Frontier AI Just Got a Kill Switch for Hackers

On June 9^th, Anthropic AI announced the public release of Claude Fable 5, a version of the Mythos model with additional safeguards for general use. Until recently, Mythos-class AI models were confined to use only by cyber-defenders; the launch of Fable 5 marked the first time this technology could be shipped to anyone via API and Enterprise plans.

The capabilities of the model are unprecedented, but the public release of the tool also represents unprecedented exposure to risks. Only three days after the launch, Anthropic was forced to disable access to Fable 5 and Mythos 5 for all customers as a result of a directive from the United States government. Anthropic maintains that the model is safe for public use and hopes to restore public access as soon as possible.

What Fable 5 Can Actually Do

Built on the foundation of the Mythos model with added security measures, Fable 5 is an advanced tool that boasts state-of-the-art capabilities in coding, vision, and long-horizon reasoning benchmarks. Its capabilities go beyond all other publicly available tools, and it is able to run autonomously for longer than previous Claude models. Financial services company Stripe reported that Fable 5 was able to migrate 50 million lines from a Ruby codebase in only one day, a feat that would take a human team months to complete manually.
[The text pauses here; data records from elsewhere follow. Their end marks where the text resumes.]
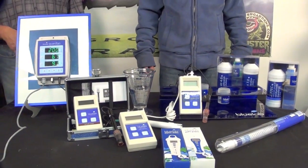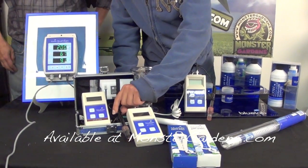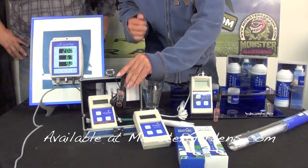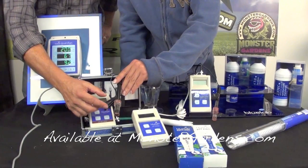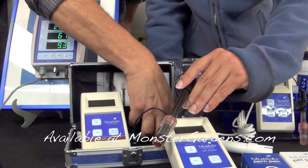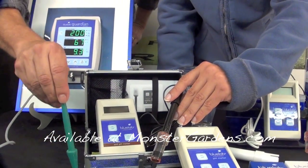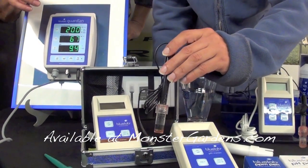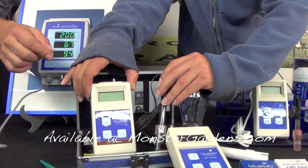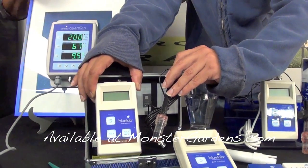We're going to showcase a few other instruments from Blue Lab. This is a soil pH meter. The probe is encased in glass inside the shaft because of the nature of the soil medium. You're going to want to make an indentation in your soil first. Moisten the soil about an hour beforehand with RO water or pure water, stick in the probe, turn the meter on. Of course, you have to calibrate it if it's the first time you've used it.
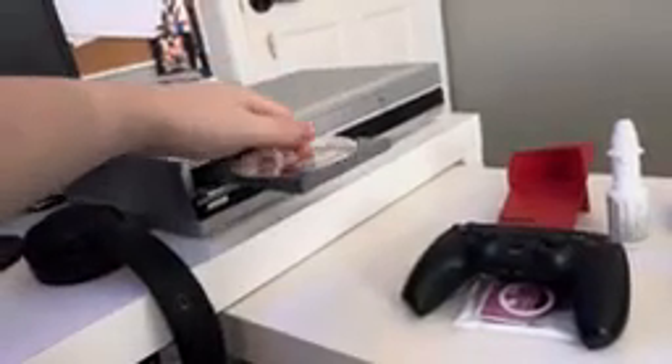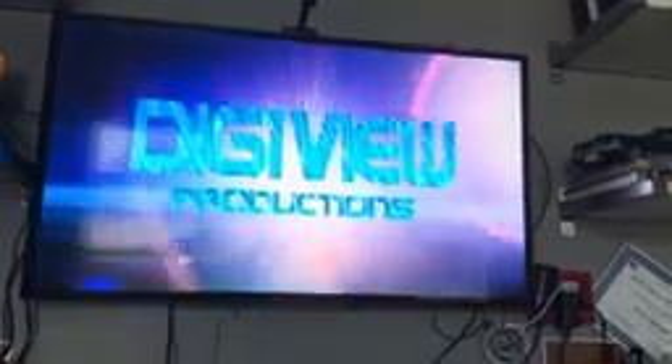Cartoon Craze Presents All Stars Volume 2, which has the DJ View Productions logo. Here's the DJ View Productions logo recorded from the Samsung TV from the Sony VCR slash DVD combo. That was the DJ View Productions logo recorded from the Samsung TV from the Sony VCR slash DVD combo.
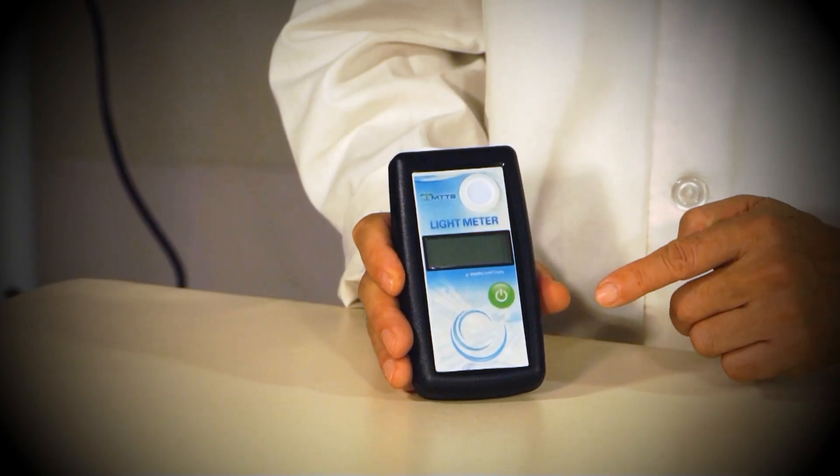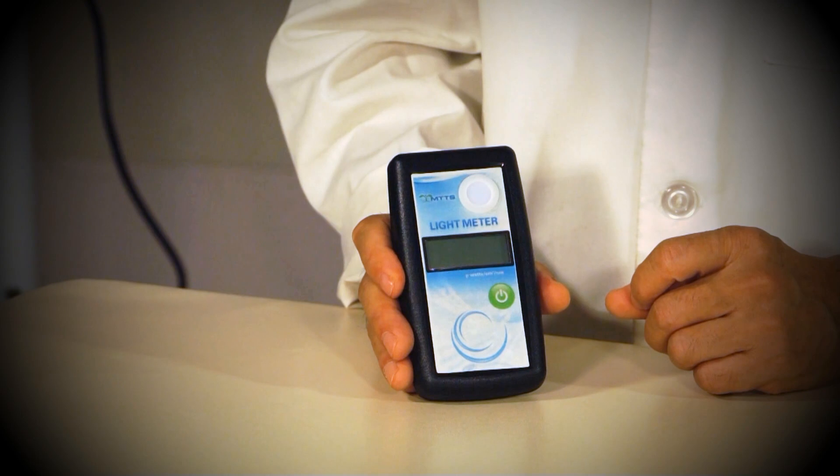To operate the light meter, gently touch the green power symbol with your finger.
This leap in model capability is important for security risk calculations, as it introduces significant risk to a technological landscape that is already under-monitored and largely unregulated. “Frontier models like Anthropic's Claude Fable 5 are becoming more powerful and more widely accessible, while the mechanisms meant to control them remain imperfect,” says Dr. Margaret Cunningham, Vice President of Security & AI Strategy at Darktrace, a global leader in AI for cybersecurity. “Against this landscape, defenders should assume breach, assume unapproved access, and assume that any capability useful enough to matter will eventually be used by adversaries.”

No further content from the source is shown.